TheAdvocate, show me all these hard workers in the USA.
Unfortunately, I am busy working, but if you have any sincere desire to learn about the lost generation in Japan (since ours has yet to be properly journalized), I am quite sure that there are treasure troves of information. This guy I am talking about is no slouch, he was an actuary before getting into our field.
One other point about most of these criticisms are the obvious contradictions:
"go better yourself.... you lazy over educated fucks"
and criticizing excessive consumerism (and related debt), when that's exactly what fuels this faux economy we have.
Zinfamous - you mentioned all the banks sitting on cash. They are. The problem is that they cannot find qualified applicants under traditional sound underwriting criteria to lend it to. For the past 3-4 years banks have been "derisking" their portfolios of unsecured and soft secured loans, especially lines of credit, that were used by borrowers to capitalize their businesses as equity, not as debt. Said another way, they weren't properly colateralized, they were incorrectly structured as interest only, and the balances were not paid back when the assets they financed turned to profits (which, be default, turns them into equity positions). Equity positions in small businesses, at loan spreads, is a mathematical certainty of loss over time and the math is really easy to grasp.
Say you loan 10 small businesses #250k each, with which they are supposed to buy raw materials/productive assets, convert them to profits, and then pay you back (and if its cyclical, borrow again against a line and repeat the process). Your cost of capital is say 2% and the loans are 7% (oversimplified, but for illustration...). Your spread is 5%.

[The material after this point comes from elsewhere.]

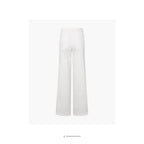 Carol Loose - Medium Length - White Denim jeans - OEKO-TEX økologisk bomuld - set bagfra - et sanset univers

If 9 of the 10 loans perform, in one year, on an Int Only basis, you've made 5% (which is a huge spread by the way) x $225,000 = $112.5k on those assets. If the 10th guy defaults (10% default ratio is a bit high hsitorically, but not lately, not at all), and you are unable to recover but 50% from him (optimistic since most of these loans are soft secured by A/R, Inv, etc), you're still out $125,000, plus the costs of that recovery. $112.5k in profits versus $125k in losses. It only take one loss to wipe out an entire group of performing loans. And many times, the loss is closer to 100% (total) or more (loan + expenses).

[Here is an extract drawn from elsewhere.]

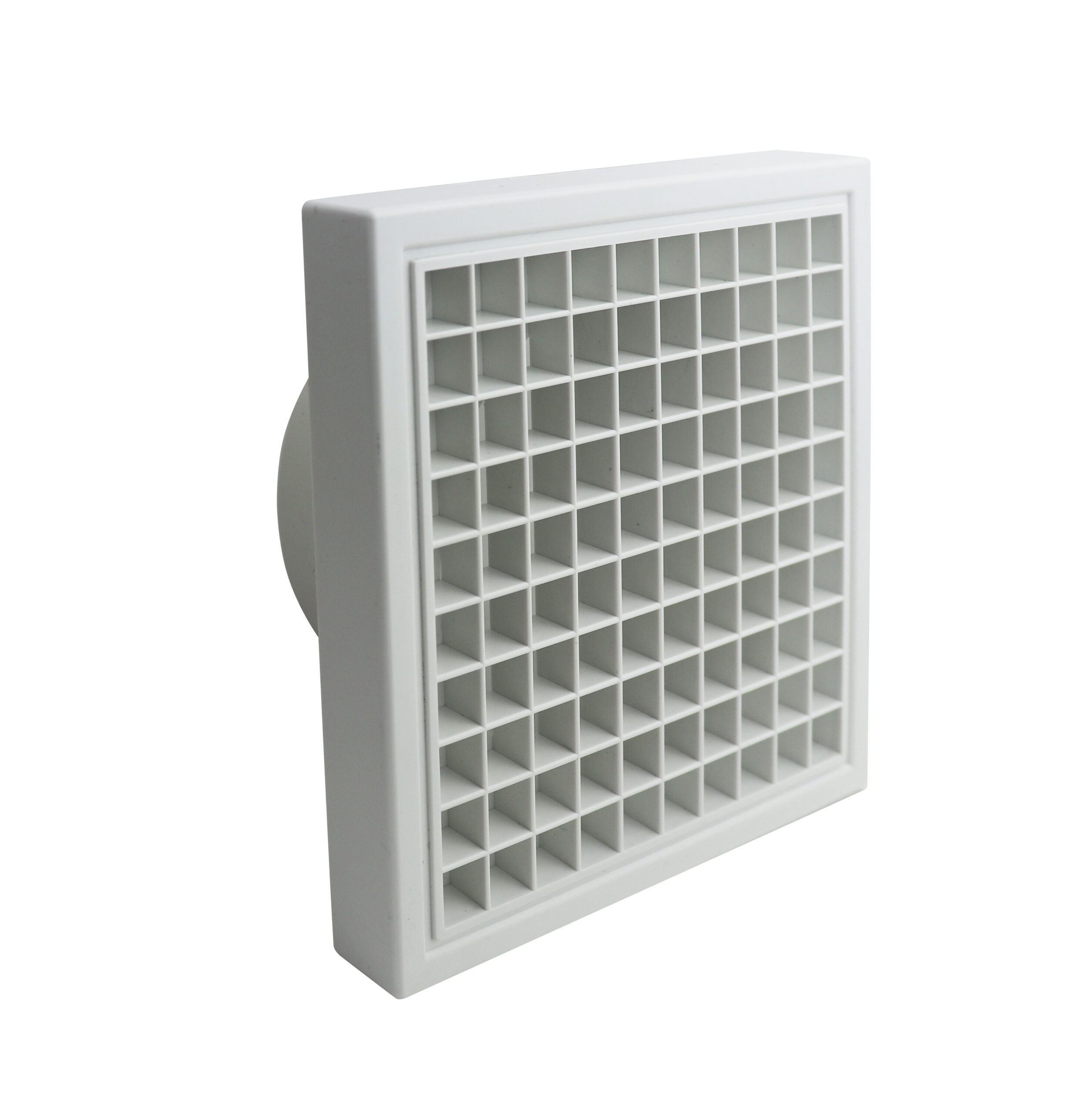 1148W 180 x 180mm Egg Crate Grille White 150mm/6Inch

So the only way to prevent that is to engage sound underwriting policies that require collateral, "skin in the game" (down payment), etc etc that most borrower's cannot qualify for because they simply don't have it.
I could give you the retail banking lecture about performing mortgages to low DTI couples with excellent credit who cannot refinance because the market value has dropped out of their homes (not without them putting up gobs of cash), but I think you get the point.
If anyone can figure out the solution, let me know. In the meantime, I'll continue to watch banking executives take home enormous bonuses for doing the "hard work" of firing all their worker bees... Seems fair.